American AI and education researcher

Ethan Mollick is a Wharton associate professor, artificial intelligence (AI) researcher, and the author of New York Times bestseller Co-Intelligence. His work focuses primarily on the impact of AI on work and education, and he was named one of TIME Magazine's Most Influential People in Artificial Intelligence of 2024.

==Early life and education==
Mollick was born in Milwaukee, Wisconsin in 1975. He attended Harvard University where he completed his bachelor's degree and graduated magna cum laude in 1997. While at Harvard, he created a website that compiled translations of "I Can Eat Glass". He later earned his MBA and PhD from the MIT Sloan School of Management in 2004 and 2010, respectively. His doctoral thesis was titled "Essays on individuals and organizations" and was supervised by researcher and advisor Ezra Zuckerman.

During his time as a student and PhD candidate, Mollick studied innovation and entrepreneurship, publishing research on topics like Moore's law and co-authoring a 2008 book with David Edery titled Changing the Game: How Videogames are Transforming the Business World.

==Career and research==

After completing his graduate studies, Mollick co‑founded eMeta Corporation, a technology startup where he served as vice president of business development.

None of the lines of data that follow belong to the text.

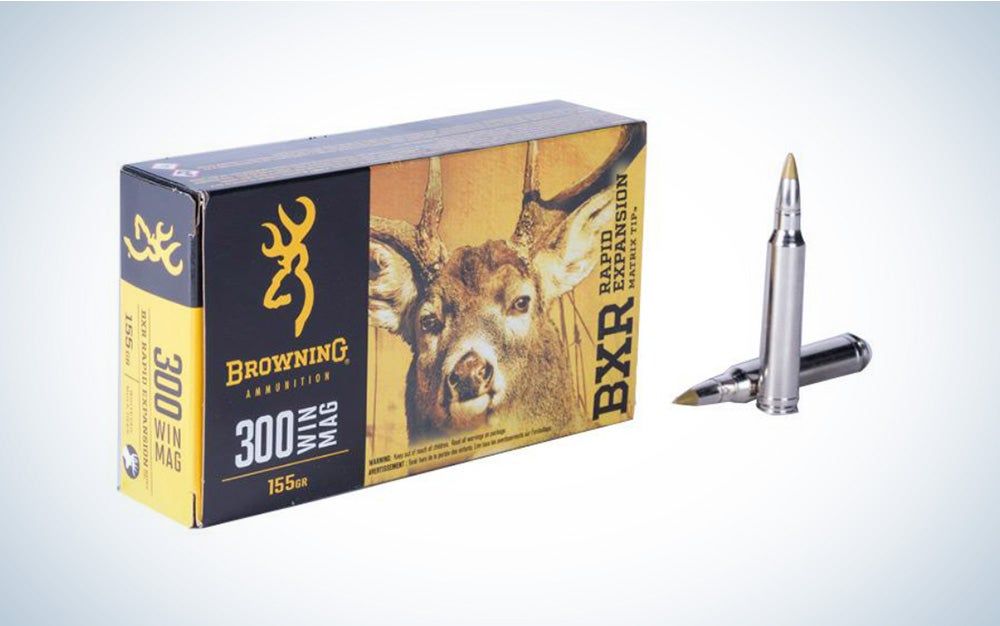 Black Bear Hunting photo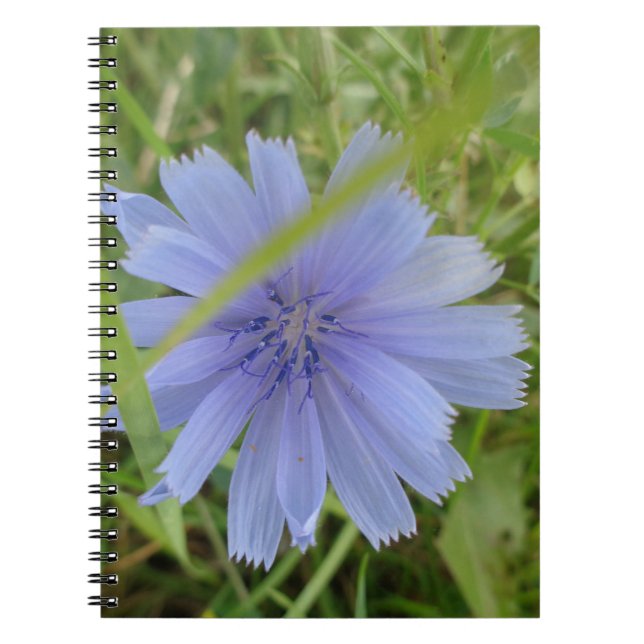 Carnet Fleur florale Chicory bleu violet (Devant)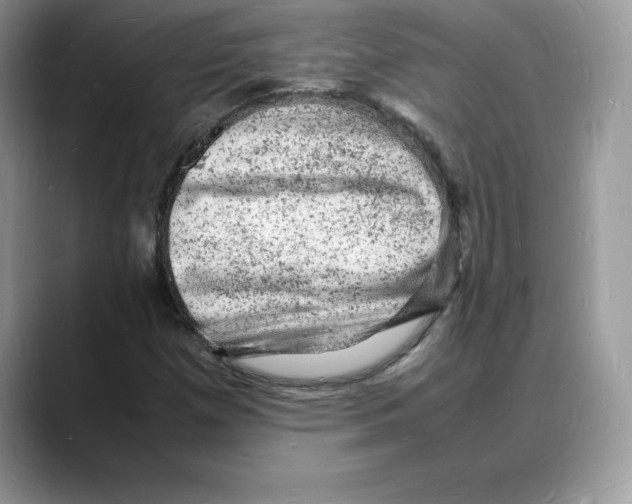 X0000088031257200706081454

Following this entrepreneurial experience, Mollick transitioned into academia, joining the Wharton School at the University of Pennsylvania, where he currently serves as associate professor of management. There, Mollick teaches courses on entrepreneurship, innovation, and the impact of emerging technologies in business. He also serves as co-director of Wharton's Generative AI Labs with his wife Lilach Mollick.
Mollick's research investigates topics including crowdfunding dynamics, the adoption of generative AI in organizations, and the influence of individuals on innovation processes. He explores how new technologies shape work and learning, writing and speaking on topics such as the effects of AI on teamwork and AI-based educational tools.

In addition to his academic work, Mollick advises startups, corporations, and government entities. In 2023, before Joe Biden signed Executive Order 14110, he advised the President's Intelligence Advisory Board on the nature of AI. As a thank-you gift, he received Hershey's Kisses.

In 2024, Mollick published Co‑Intelligence: Living and Working with AI. It is a New York Times bestseller. The book, which focuses on generative AI, particularly large language models, was intended for those who are well-informed yet unaware of how AI models actually work and what their potential applications are.

==Personal life==
Mollick married his wife Lilach Mollick after meeting her while working for eMeta in New York. Together they have two children.